Certamente um leitor que se debruce sobre Um Sopro de Vida com alguma outra experiência de leitura em Clarice deve notar sem maiores dificuldades que na passagem acima A Cidade Sitiada, romance escrito por Clarice Lispector no ano de 1949, tem sua autoria auto-atribuída por Ângela no presente histórico. Tal-qualmente, a descrição de um guarda-roupa pode ser vista em A Paixão Segundo G.H, de 1964, assim como a do relógio Sveglia, descrito por Clarice em O Relatório da Coisa, presente em um compilado de crônicas, contos e produções ficcionais intitulado Onde Estivestes de Noite, de 1974. No mesmo sentido, o telefone – uma alusão ao História de Coisa – e o guindaste de O Ovo e a Galinha, aparecem no trecho como formas que Ângela diz ter encontrado para falar da chamada coisa.
Além disso, o Autor, tal como sua personagem, diz já ter se referido à coisa em um outro momento: “Mas quando essa coisa silenciosa e mágica se avoluma demais a gente desrespeita a lei e grita. Não é um grito triste não é um grito de aleluia também. Eu já falei isso no meu livro chamando esse grito de 'it'”. Há nesse parágrafo a referência a uma outra ficção de Clarice: Água Viva, publicada em 1973, na qual a escritora trata do apenas aparente verbo de ligação “it”.
Neste cenário, também não exigirá muito do seu esforço apreender o efeito instaurado implicitamente a partir do que se apresenta explícito nas citações: a necessidade de transbordamento autoral como recurso representativo da autoimagem no ambiente virtual do texto que determina a interação consubstancial dos personagens, é a paródia da própria operação textual clariciana, metonimizada na narrativa a partir do que Nolasco chama de um “fictício de identidade” autoral. O espelhamento da própria obra se configura no paralelo entre os polos ficcionais e autorais presentes respectivamente no processo de construção, desconstrução e reconstrução da palavra – desenvolvido pelos personagens – e no complexo clariciano formado pelos elementos que se correlacionam na constituição de um enfático sistema de linguagem pautado no mesmo princípio.

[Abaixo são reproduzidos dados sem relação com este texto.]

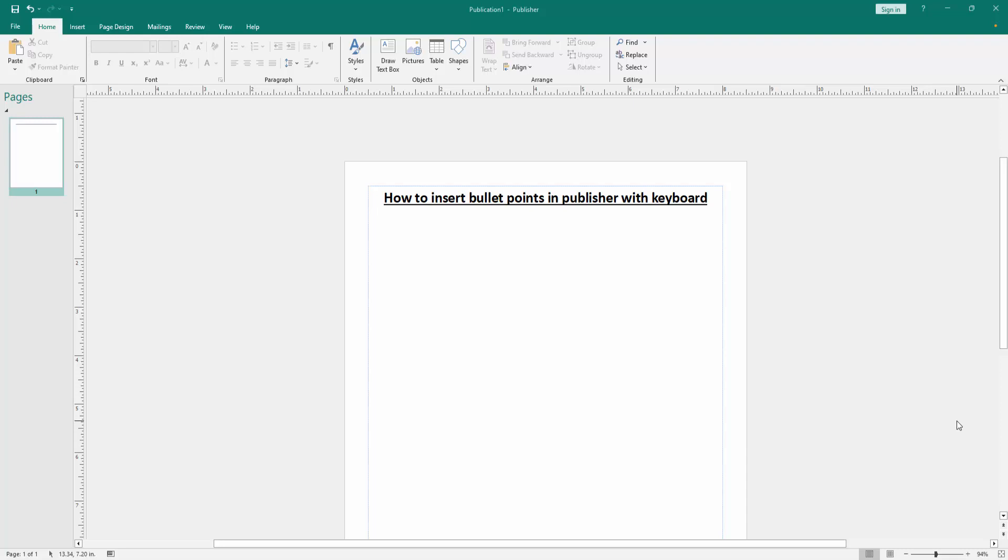Assalamualaikum. Hello friends, how are you? Welcome back to another video. In this video, I am going to show you how to insert bullet points in Publisher with keyboard. Let's get started.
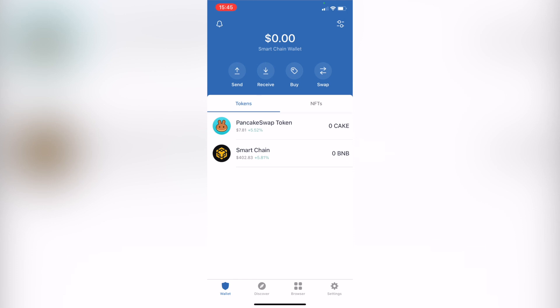First of all, you need to download the Trust Wallet application. As you can see, I have it already opened. Having a first or second crypto wallet is not that hard. It won't take more than 30 seconds or one or two minutes.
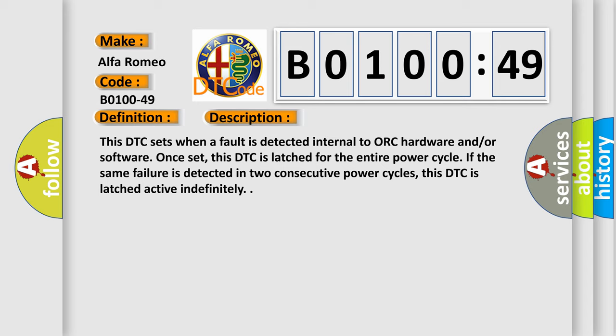If the same failure is detected in two consecutive power cycles, this DTC is latched active indefinitely.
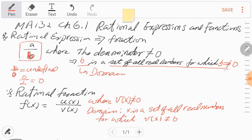The set of all real numbers except b equals 0 — we call it the domain. So a rational function is a function that has a fraction. The function f of x can be written as a fraction with numerator u(x) and denominator v(x). When there is a fraction, always make sure the denominator cannot be 0. The domain is the set of all input values which does not include any values that make the denominator 0.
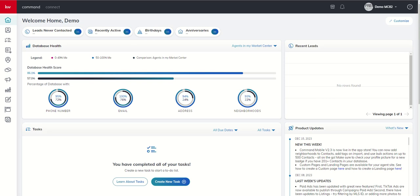Good morning, Keller Williams, and welcome back to the KW Command 60 Six-Day Challenge 8.0. Today is day 45. We're continuing our training inside of the Designs Applet, but we're going to switch assets from print to social, and I'm going to show you a quick and easy way that you can create professional-looking social designs for use on Facebook, Instagram, LinkedIn, and elsewhere, both on posts and paid ads. So let's dive into it.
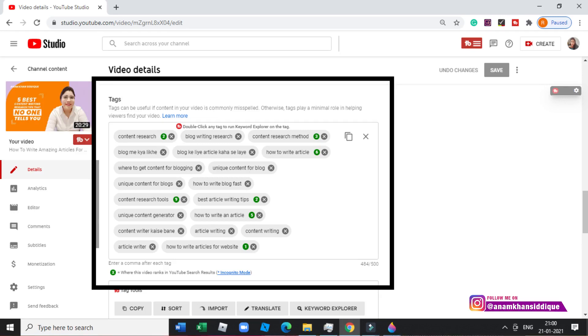Now let's talk about tags. Since I used two keywords in this video, I added both of those keywords exactly as they are. I also added additional related tags from TubeBuddy and Google autosuggest. The tags I added were: content research, blog writing research, content research method, how to write articles, how to write articles for website, article writing, how to write blog fast, where to get content for blogging, and unique content for blog. These tags are all similar and related to the same topic.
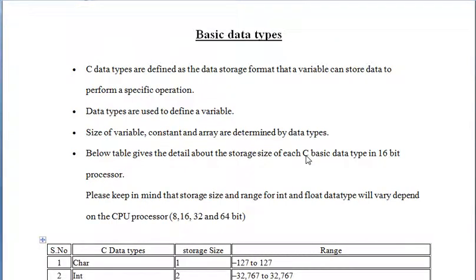Hello friends, I am Champion Maipal. Today we are going to learn about basic data types in C language.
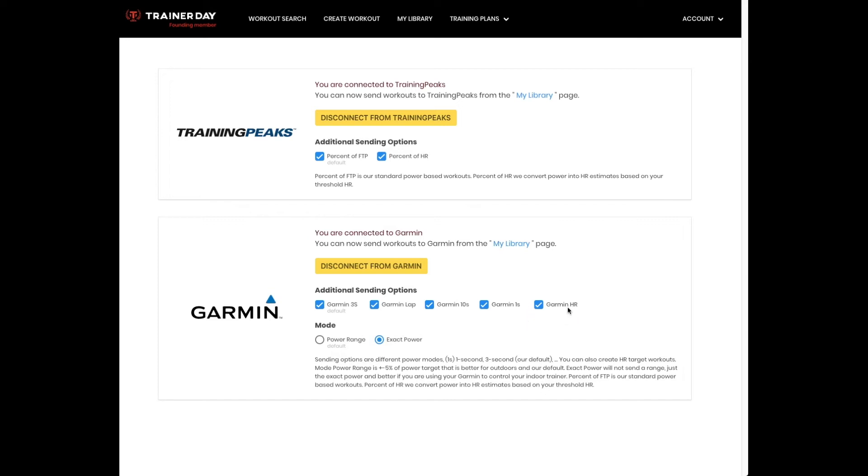And then you have your heart rate option. If you want to do heart rate based workouts, either you don't have a power meter or for base training, heart rate based workouts can be really good. You can send a heart rate based target workout.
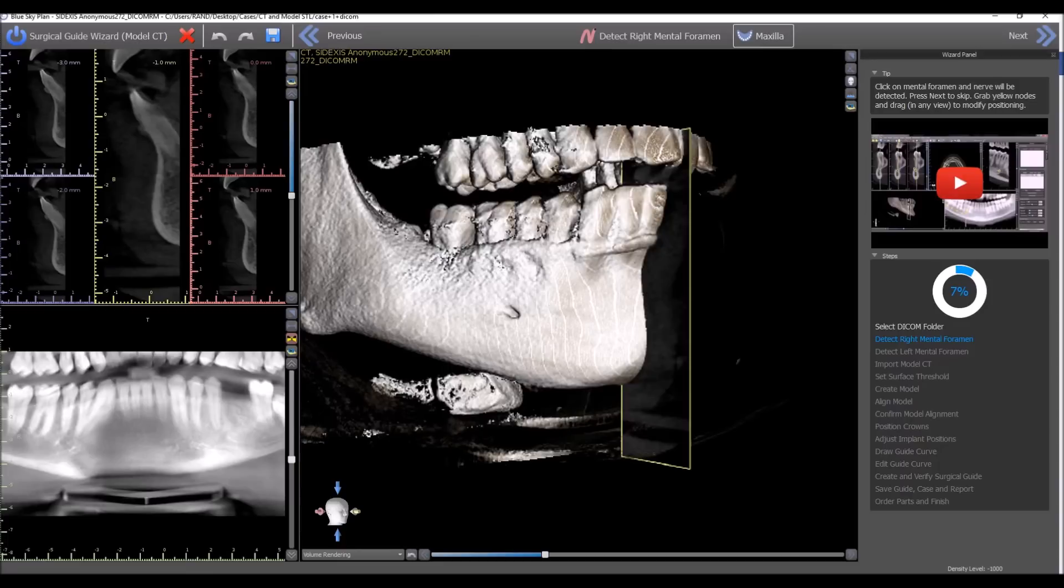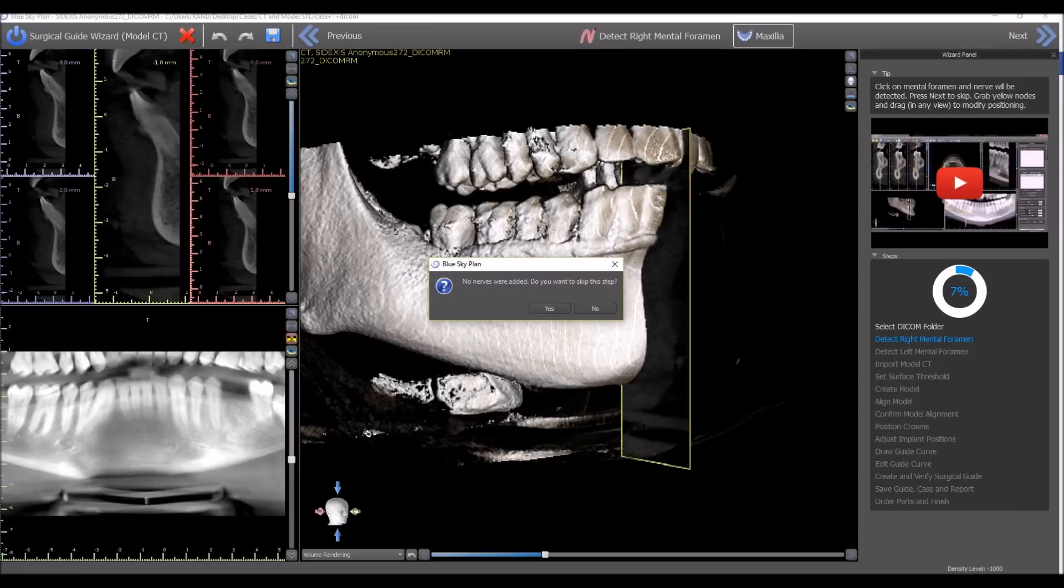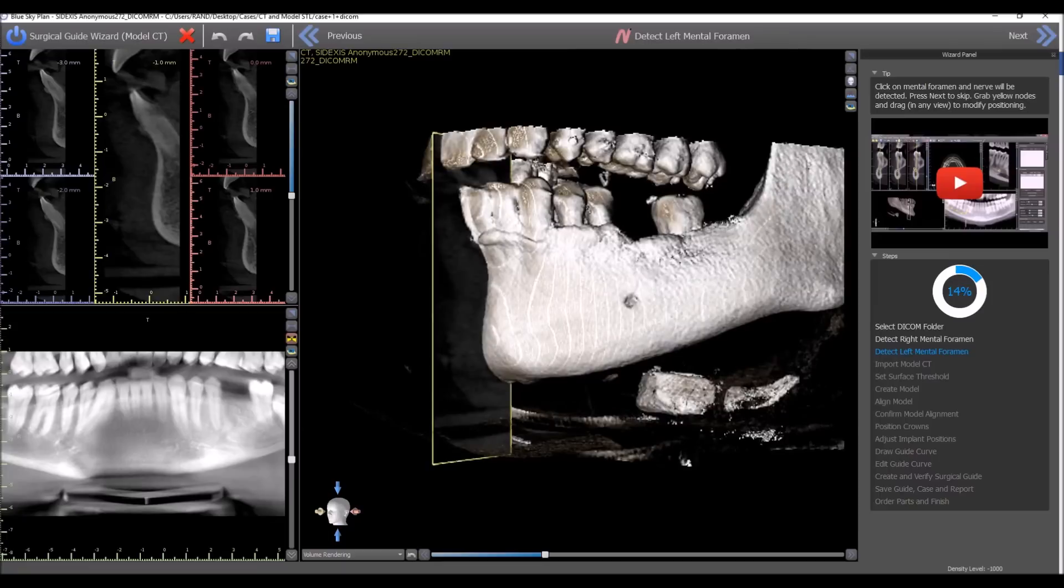Another modification that was made to this build is you don't need to identify both nerves. If you only want to identify one nerve, press the next button, confirmation comes up, but you could skip that step and just identify the second nerve.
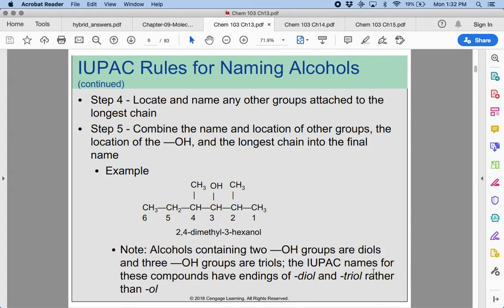Just like we had dienes and trienes when we had multiple double bonds or triple bonds, when we have multiple OH groups — like two OH groups, that would be a diol. If we had three OH groups, that would be a triol. So instead of just -ol at the end, it would be -diol.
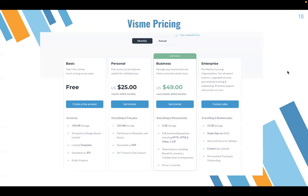With Visme, they have their packages set up in a slightly different manner. They break them up into four separate tiers: basic, personal, business, and enterprise. For college students, we will focus more on the basic and personal. With the basic package, it provides 100 megabytes of storage as well as basic templates and design assets. With the personal package, it costs $25 a month, gives you up to 250 megabytes of storage, full access to their templates, and 24/7 email and chat support.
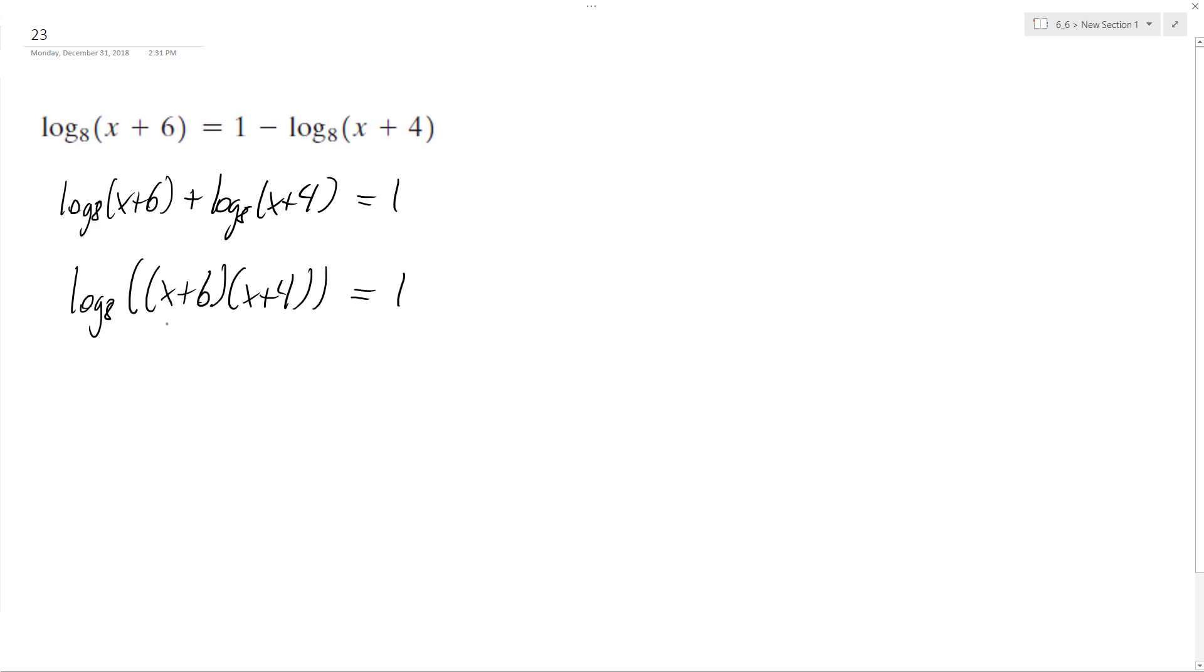So I can rewrite this as multiplying what's inside. x squared, I'm going to take a shortcut, so plus 6x plus 4x plus 10x plus 24 equals 8 raised to the 1, which is just 8.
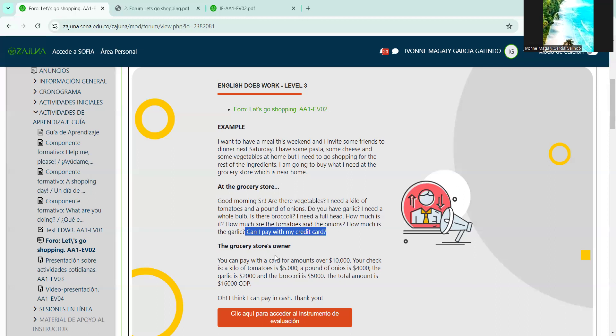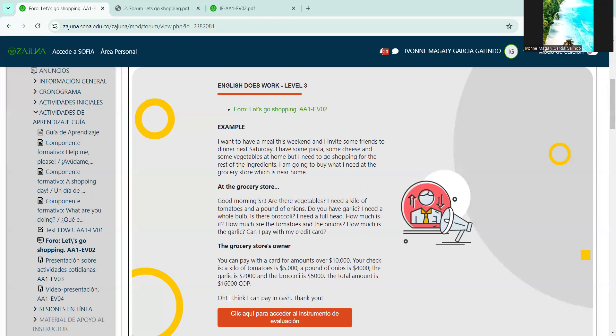And here I introduced at the end the payment method. Can I pay with credit card? To the grocery store owner: you can pay with a card for amounts over $10,000. Your check is a kilo of tomatoes is $5,000 Colombian pesos, a pound of onions is $4,000 pesos, the garlic is $2,000 pesos, and the broccoli is $5,000 pesos. The total amount is $16,000 Colombian pesos. And I say, oh, I think I can pay in cash, thank you. And here I'm talking about another payment method. I thought it cost more. If I have it in cash, I can pay it in cash. Thank you. That's what you're going to do in this activity.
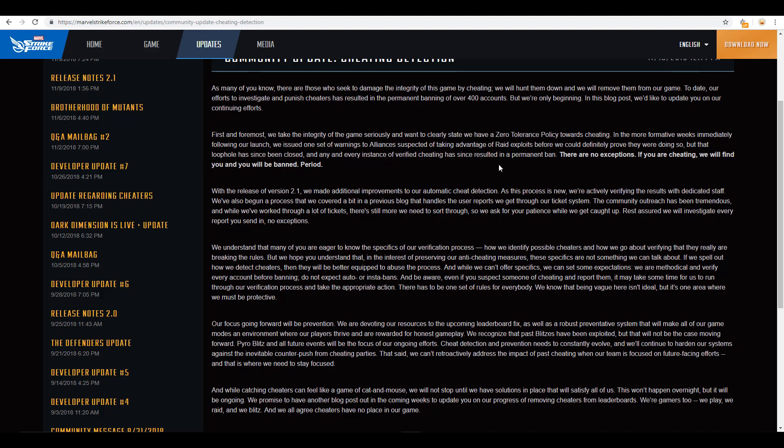So it looks like going through, they are really taking a serious look at the cheaters. They have banned quite a few cheaters. Like right here, it talks about that they have permanently banned over 400 accounts, which is really cool. They do have a zero-tolerance policy on cheating. They also say here that there is no exceptions. If you're cheating, we will find you, and we will ban you, which is awesome. The software that they're using, they've acknowledged that as a community. People have asked, how are you doing this?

Uma vez reconhecida a natureza bilateralmente similitudinária do contato fixado entre Clarice e sua produção, podemos dizer que assim como quando falamos de Ângela também estamos falando de seu Autor, sempre que mencionamos um, outro ou ambos é certo que devemos estar nos referindo indiretamente à origem de onde proveem, isto é, Clarice Lispector. Nesse sentido, a conclusão é aqui entendida como o ponto que determina o tom confessional – no sentido de revelação – do exercício existencial-literário clariciano, no qual os conflitos para a expressão do que resiste em mistério, contrafazem-se sob o irônico disfarce literário e nos orientam para a necessária introspecção da experiência mais adiante minuciada.
Partindo dessas considerações, podemos nos concentrar no produto final da criação clariciana, no qual os pontos de aproximação com a teologia mística do pseudo-dionínio estão mais bem definidos: “O Livro de Ângela”, capítulo que “encerra” seu monumento literário.
IV. A pseudo-representabilidade divina.
Clarice, portanto, escreve um livro sobre alguém que escreve um livro sobre alguém que escreve um livro, e, como é característico de sua escrita, nesse último, o livro de Ângela – que o Autor intitula “História das Coisas (Sugestões oníricas e incursões pelo inconsciente)” –, a escritora deve a elevação da expressão aos seus limites últimos à autonomia com a qual sua personagem Ângela exerce a função verbalizante, longe de qualquer princípio castrativo que a prive de valer-se de seus próprios padrões (ou da ausência destes). Trata-se de um livre estudo da “coisa”, desenvolvido por Ângela a partir da invocação dos sentidos extremos dos termos. O Autor comenta: “Para quem escreve, uma idéia sem palavras não é uma idéia. Ângela é cheia de pré-palavras e desmaiadas visões auditivas de ideias. Meu trabalho é cortar o seu balbucio e deixar anotado apenas o que ela consegue gaguejar.”.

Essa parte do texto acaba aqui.